Adding on-device AI to Flutter with TensorFlow Lite

Running the model on the phone instead of the cloud keeps data private and works without a signal. Here's how I got real-time pose detection running inside a Flutter app with TensorFlow Lite.

There's something quietly satisfying about AI that never phones home. When the model runs right there on the device, the user's data never leaves their pocket, and there's no network round-trip slowing everything down. For FitTrack AI I needed real-time pose detection — and honestly, that's only realistic on-device. Waiting on a server for every camera frame is a non-starter.

I won't pretend it was all smooth. But here's the approach that finally worked, written the way I'd explain it to a friend over coffee rather than as a dry tutorial.

Picking a model and shrinking it down

Start with a model that's actually meant for phones — don't try to cram a giant server model in and hope for the best, I tried, it doesn't end well. Grab a mobile-friendly architecture and convert it to the .tflite format.

Then quantize it. Int8 quantization makes the model smaller and the inference faster, and for pose detection the accuracy hit was so small I couldn't see it in practice. Easy win, take it.

import tensorflow as tf

converter = tf.lite.TFLiteConverter.from_saved_model("pose_model")
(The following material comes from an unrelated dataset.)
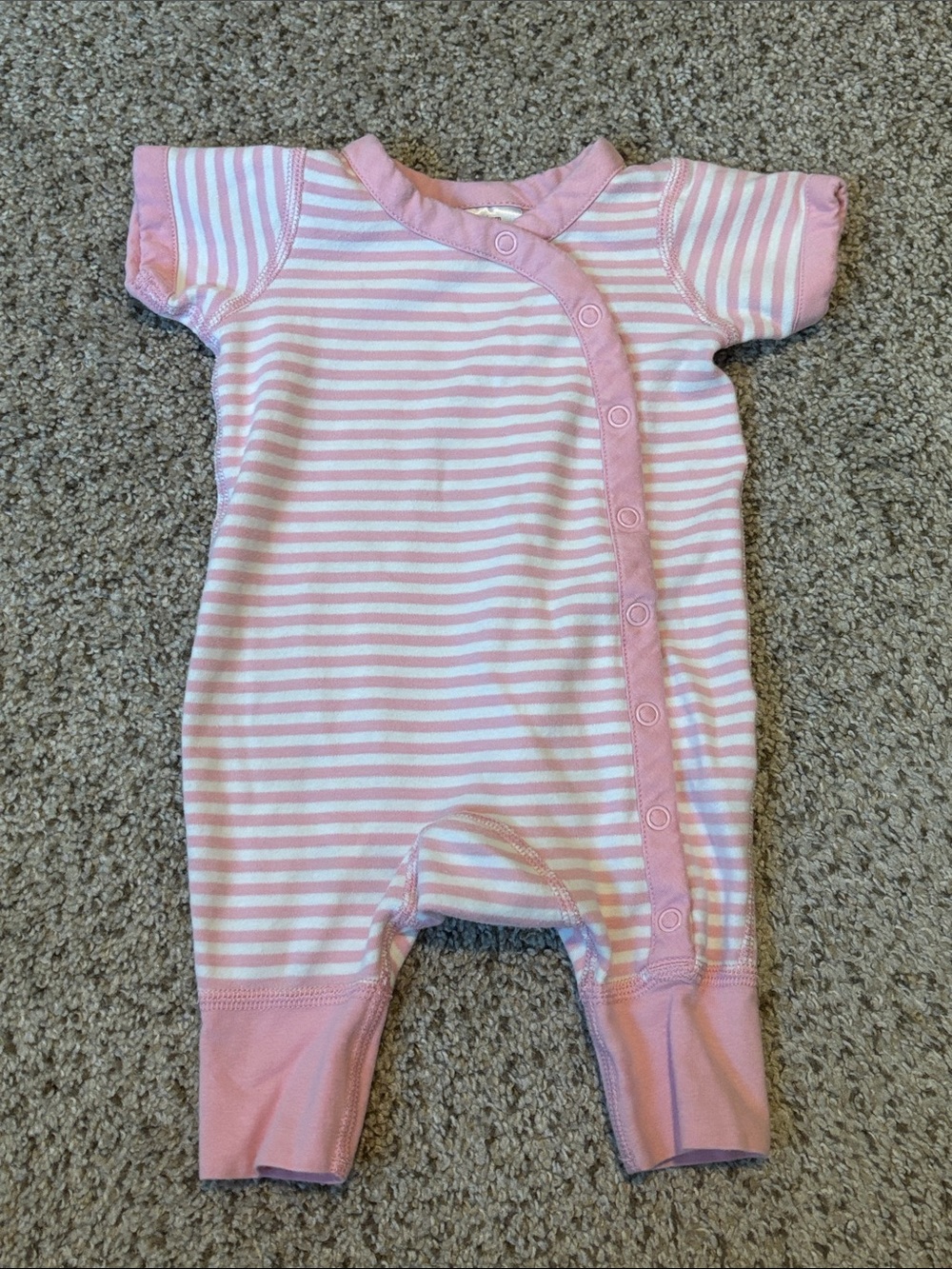 Hanna Andersson 100% Organic Cotton Striped Newborn Button Up One Piece Baby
# Int8 quantization: smaller file, faster inference.
converter.optimizations = [tf.lite.Optimize.DEFAULT]
converter.representative_dataset = representative_data_gen

with open("pose.tflite", "wb") as f:
    f.write(converter.convert())

Getting it talking to Flutter

The tflite_flutter package hands you the interpreter directly, which is exactly what you want. You feed it camera frames, read the output tensors back out, and map those numbers onto keypoints on the body.

The one rule I'd carve into stone: do this work off the UI isolate. The moment inference and the camera preview fight over the same thread, the preview stutters and the whole thing feels cheap. Keep them apart and it stays smooth.

import 'package:tflite_flutter/tflite_flutter.dart';

final interpreter = await Interpreter.fromAsset('pose.tflite');

// input: one camera frame -> output: 17 keypoints (x, y, score)
final output = List.filled(17 * 3, 0.0).reshape([1, 17, 3]);
interpreter.run(input, output);

final keypoints = parseKeypoints(output);

Actually hitting real-time on mid-range phones

This is where the rubber meets the road. Turn on the GPU delegate when the device has one, and fall back gracefully to NNAPI or plain CPU when it doesn't — don't assume, just check and degrade nicely.

Run inference at the lowest resolution that still gives you accurate keypoints, not a pixel more. And when the device can't keep up, skip frames instead of queueing them. A dropped frame is invisible; a growing backlog turns into lag you can feel. That trade-off is the whole game.

final options = InterpreterOptions();

try {
  options.addDelegate(GpuDelegateV2());        // fastest, when available
} catch (_) {
  options.threads = 4;                          // graceful CPU fallback
}

final interpreter = await Interpreter.fromAsset('pose.tflite', options: options);

// Drop the frame if we're still busy — never queue a backlog.
if (!isBusy) runInference(frame);